Each line from the one containing "VW T-Roc 2.0" to the last line of the listing below is to be duplicated exactly, and no picture is to be carried over.
[INPUT DATA — start]
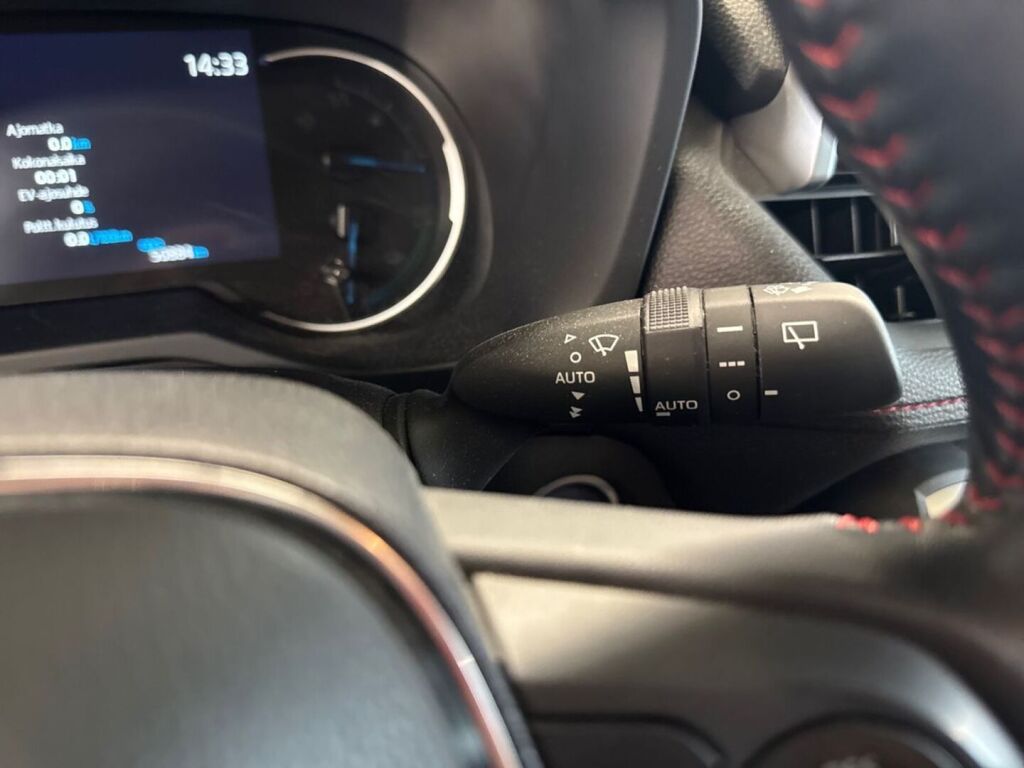 Toyota RAV4 Plug-in 2020 Hopea
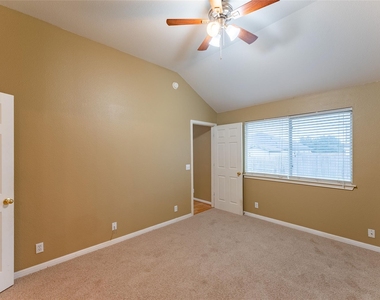 109 Granite Shoals Dr - Photo Thumbnail 12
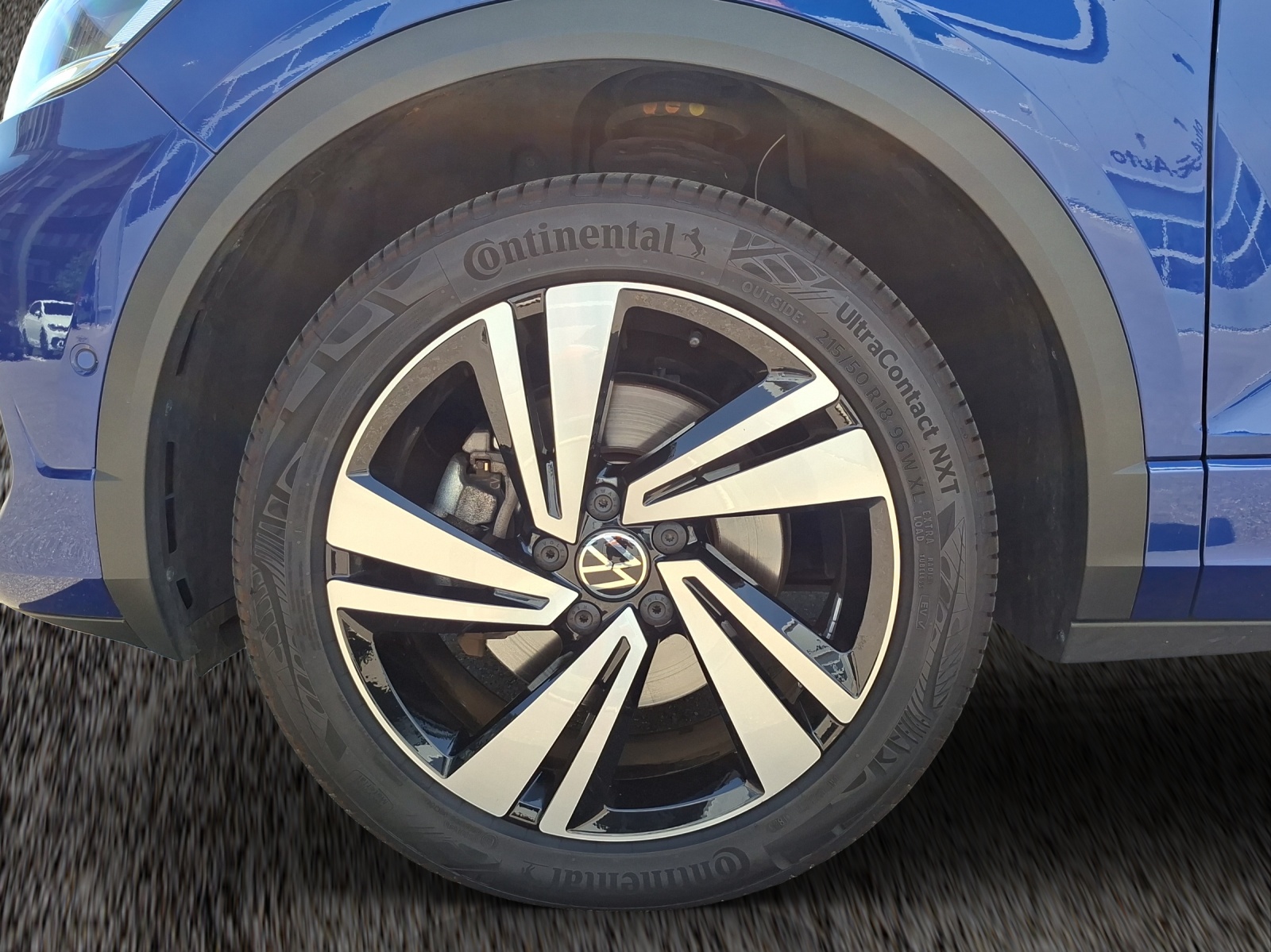 VW T-Roc 2.0 TSI R-Line DSG 4Motion-showroom-element-3
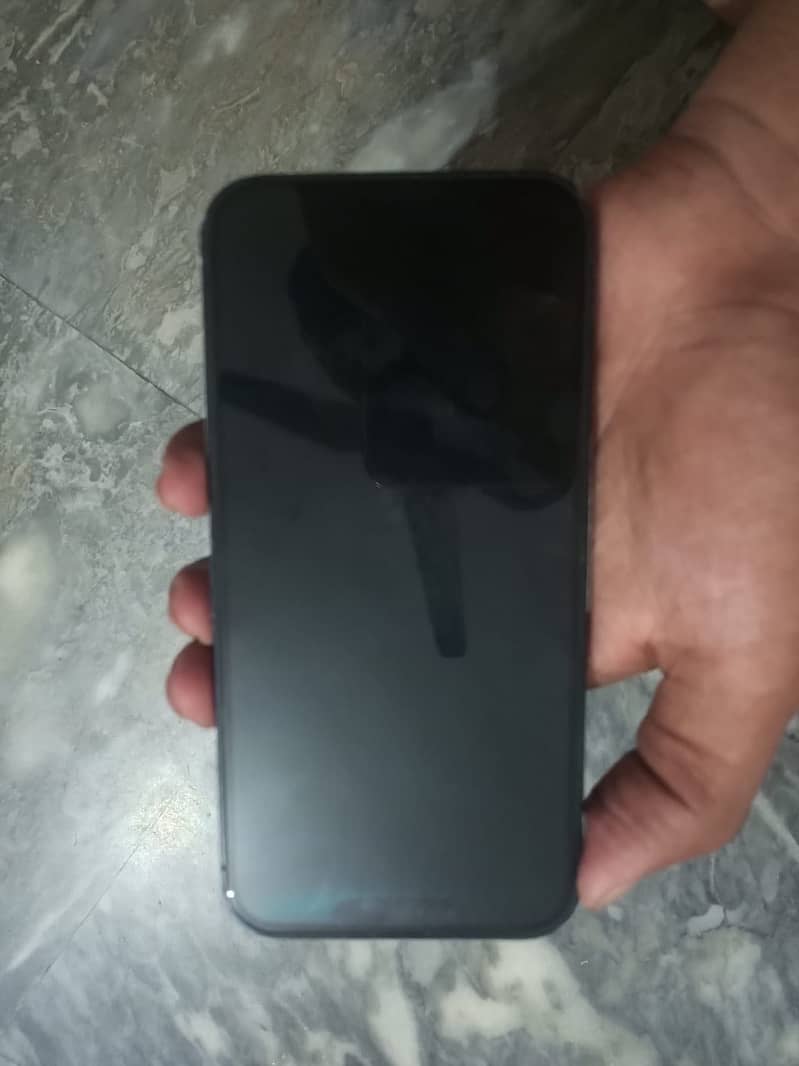 Apple iPhone 13 3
[INPUT DATA — finish]
EXERCISE SOLUTION:
 VW T-Roc 2.0 TSI R-Line DSG 4Motion-showroom-element-3
 Apple iPhone 13 3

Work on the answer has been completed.